Honeywell Unit to Design First Bio-oil Plant
14/03/2011 (The star Online) - Premium Renewable Energy (M) Sdn Bhd confirmed that it has selected US-based Envergent Technologies LLC, a Honeywell unit to undertake the engineering design for the first bio-oil plant in Malaysia that will use Envergent’s RTP (Rapid Thermal Processing) technology to convert palm biomass into renewable heat and electricity.
A Premium spokeman told StarBiz yesterday that the company would be looking at setting up more such plants in the country possibly via joint ventures using palm biomass like empty fruit bunches (EFB), tree trunks and fronds as feedstock.
Premium has been identified as one of the two lead initiative owners for the seventh entry point project for the palm oil National Key Economic Area (NKEA) under the Economic Transformation Programme (ETP), involving the commercialisation of second-generation biofuel.
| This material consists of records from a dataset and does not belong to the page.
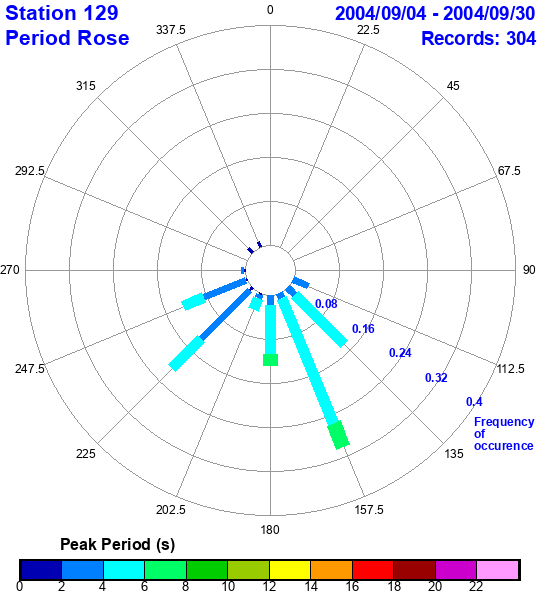 rose plot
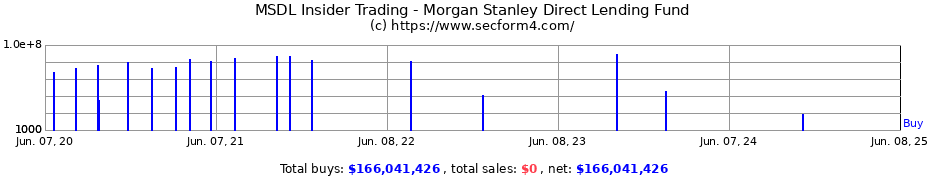 Insider Trading Transactions for Morgan Stanley Direct Lending Fund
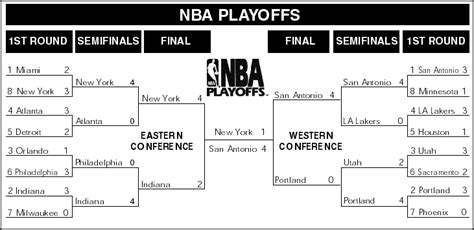 1998 NBA Playoffs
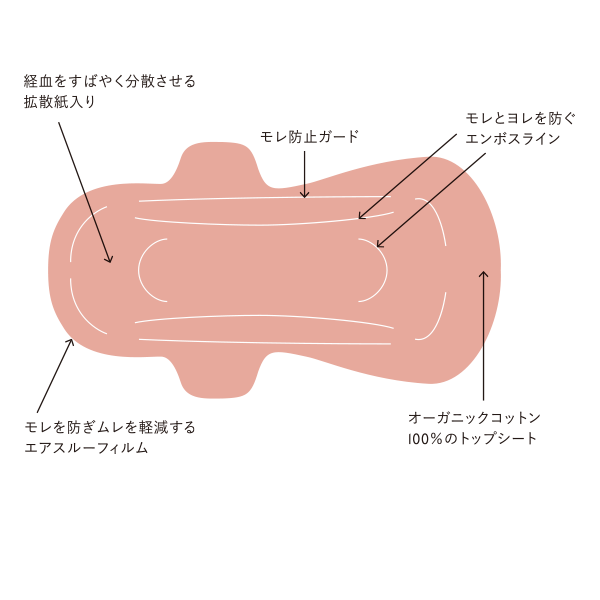 sisiFILLE 生理用ナプキン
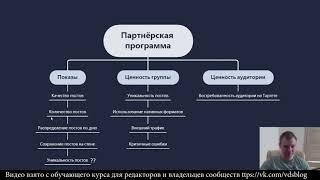 Как повысить Ценность группы и Показы на Партнёрской программе Вконтакте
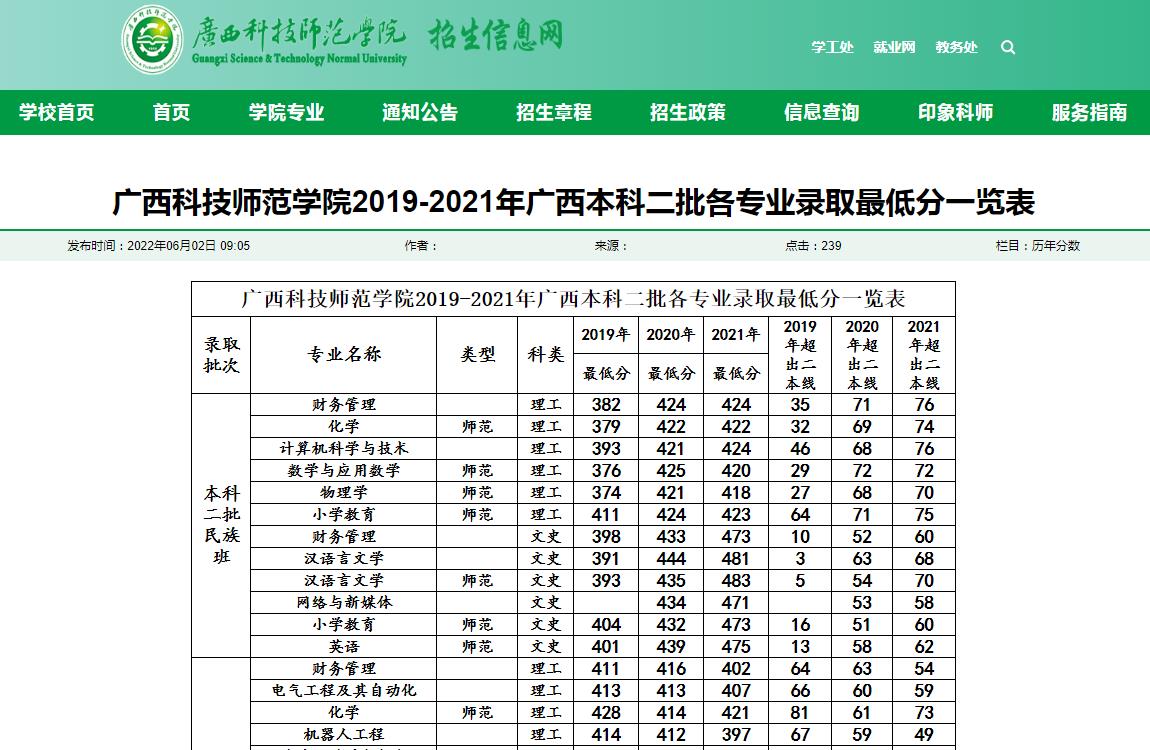 广西科技师范学院2019-2021年广西本科二批各专业录取最低分一览表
Premium has the exclusive rights to commercialise the proven RTP in Malaysia and other parts of the region for the production of renewable liquid fuels from biomass for heat, power and green transportation fuels.
Envergent Technologies had said in a statement from IIlinois, the United States on Thursday that it had been selected by Premium to perform the engineering design using its RTP technology for Premium’s initial plant.
The bio-oil plant in Malaysia is expected to be initiated late this year and completed in early 2013.
Honeywell’s Envergent Technologies managing director Dave Cepla said in a statement: “This project is a milestone using palm biomass particularly EFB to generate renewable heat and power.
“It also demonstrate how Envergent’s technology can be used in different regions with a variety of feedstocks.”
He said Envergent would perform a site assessment and identify strategies for integration for the facility into the existing palm oil industry in Malaysia.
It will also provide equipment scoping, engineering design, a constructability analysis and a plant construction schedule for the RTP unit in support of Premium’s plant.
The RTP technology works by rapidly heating biomass at ambient pressure to generate high yields of a liquid biofuel, which can be used to power electric generators or burned in industrial burners and furnaces for heat.
Using the biofuel could help reduce greenhouse gas emissions and dependence on fossil fuels. The RTP is currently used in seven commercial biomass processing plants in the United States and Canada.